- Born: February 25, 1965 (age 61) Lázaro Cárdenas, Michoacán, Mexico
- Known for: Party of the Democratic Revolution politician and former legislator. Charged with links to organized crime (fugitive).

= Julio César Godoy Toscano =

Mexican businessman and politician (born 1965)

Julio César Godoy Toscano (born 1965 in Lázaro Cárdenas, Michoacán) is a Mexican businessman, politician and a former member of the leftist Party of the Democratic Revolution (PRD). He is half-brother of Leonel Godoy Rangel, former governor of the state of Michoacán. Godoy has served as Mayor of the municipality of Lázaro Cárdenas and was elected in 2009 to the Chamber of Deputies to represent Michoacán's first district; however, before being sworn in he was accused with ties with organized crime and money laundering. He evaded a 2009 arrest warrant by sneaking into his own swearing-in ceremony in order to obtain parliamentary immunity.

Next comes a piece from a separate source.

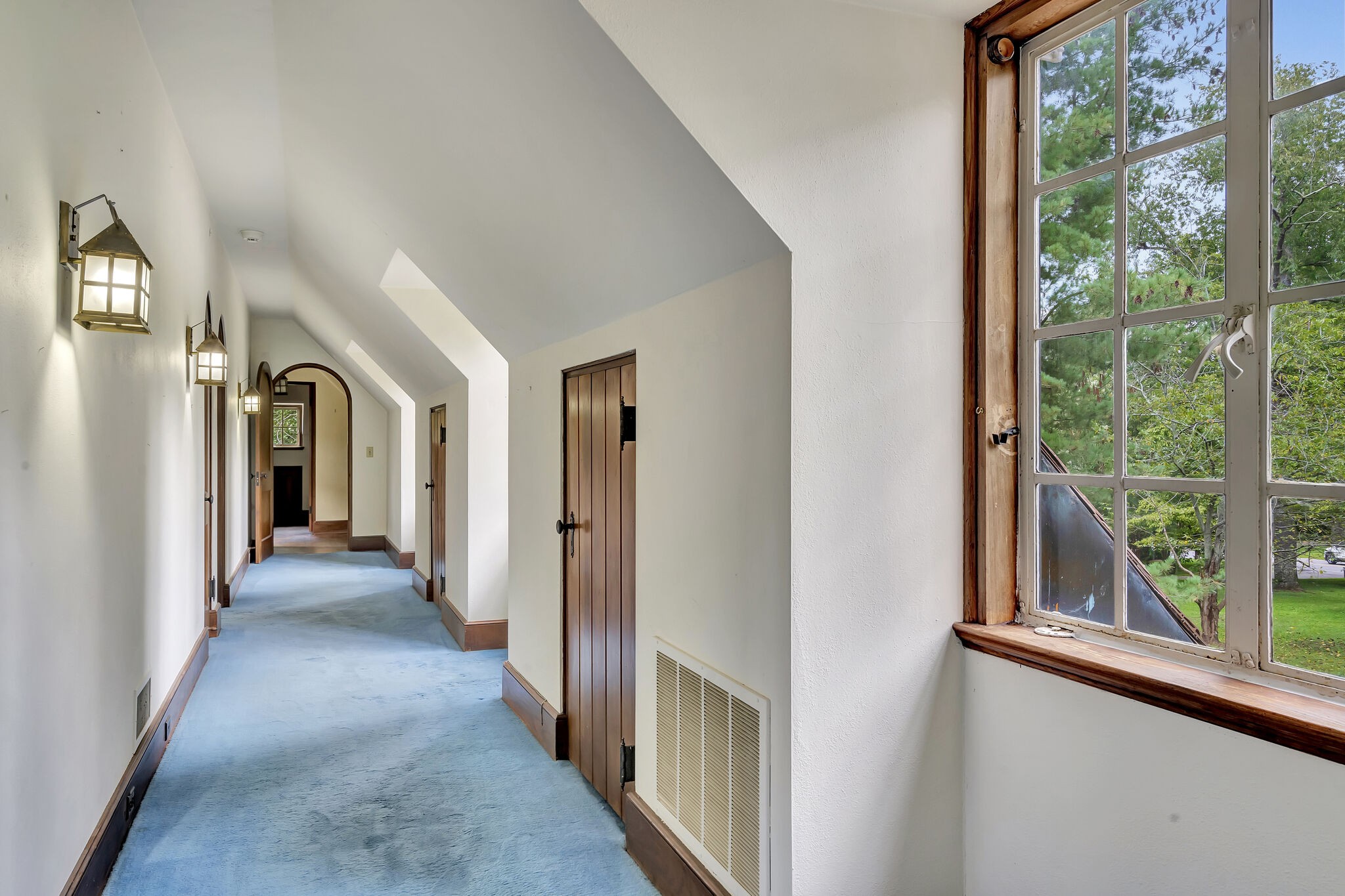 213 Lynnwood Ter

Godoy was later disavowed by the party and stripped of his office when an audio recording was released of him apparently speaking with La Familia drug cartel leader. He remains a fugitive.

== Criminal charges ==
Godoy Toscano was charged in July 2009 with ties with La Familia Michoacana, a quasi-religious drug cartel based in the state of Michoacán that smuggle methamphetamine and marijuana to the U.S. The Federal Police alleged that Godoy Toscano was in charge of ensuring protection for La Familia drug cartel. Godoy avoided arrest and he remained a fugitive for 15 months.

===Immunity from prosecution===
In a bizarre legal development that took place on September 23, 2010, he evaded police checkpoints installed to prevent his entry to the Chamber of Deputies after a judge granted him an injunction, allowing him to be sworn in despite the 2009 arrest warrant and acquired parliamentary immunity (Spanish: fuero), as all Mexican elected officials do while in office. A spokesman for the federal Attorney General's Office said the injunction was granted because the judge felt Godoy's political rights had been violated by not letting him take his oath of office, and had nothing to do with the actual criminal case. However, the arrest warrant against Godoy Toscano remains valid.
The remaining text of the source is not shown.